- About this task: Both the line below containing "UVEX | aerios" and the line containing "MERCEDES-BENZ Clase GLC", along with every line between them, should be repeated exactly; no other line belongs in the answer.

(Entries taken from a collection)
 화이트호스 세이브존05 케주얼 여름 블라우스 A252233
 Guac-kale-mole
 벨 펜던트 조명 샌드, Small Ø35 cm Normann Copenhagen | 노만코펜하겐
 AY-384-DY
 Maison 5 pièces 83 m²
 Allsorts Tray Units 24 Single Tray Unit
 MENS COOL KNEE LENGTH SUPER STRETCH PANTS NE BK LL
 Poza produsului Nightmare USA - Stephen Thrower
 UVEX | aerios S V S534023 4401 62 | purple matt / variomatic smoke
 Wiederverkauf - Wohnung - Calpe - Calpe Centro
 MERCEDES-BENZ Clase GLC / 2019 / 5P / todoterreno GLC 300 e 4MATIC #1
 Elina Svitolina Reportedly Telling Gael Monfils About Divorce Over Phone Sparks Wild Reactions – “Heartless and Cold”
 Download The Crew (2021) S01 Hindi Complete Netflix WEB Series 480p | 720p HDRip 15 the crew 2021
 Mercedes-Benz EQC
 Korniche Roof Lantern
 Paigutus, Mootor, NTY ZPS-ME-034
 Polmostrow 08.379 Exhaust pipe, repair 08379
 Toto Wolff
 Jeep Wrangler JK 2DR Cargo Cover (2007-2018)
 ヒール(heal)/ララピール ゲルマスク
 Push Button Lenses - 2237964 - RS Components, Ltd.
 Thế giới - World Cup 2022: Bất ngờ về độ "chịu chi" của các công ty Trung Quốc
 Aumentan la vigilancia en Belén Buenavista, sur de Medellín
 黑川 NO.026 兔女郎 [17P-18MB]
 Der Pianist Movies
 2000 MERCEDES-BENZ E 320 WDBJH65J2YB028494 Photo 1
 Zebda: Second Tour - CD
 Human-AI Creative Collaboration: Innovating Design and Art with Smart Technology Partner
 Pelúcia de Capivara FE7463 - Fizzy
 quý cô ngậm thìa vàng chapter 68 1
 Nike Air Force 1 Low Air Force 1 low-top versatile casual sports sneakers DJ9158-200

- Completed task:
 UVEX | aerios S V S534023 4401 62 | purple matt / variomatic smoke
 Wiederverkauf - Wohnung - Calpe - Calpe Centro
 MERCEDES-BENZ Clase GLC / 2019 / 5P / todoterreno GLC 300 e 4MATIC #1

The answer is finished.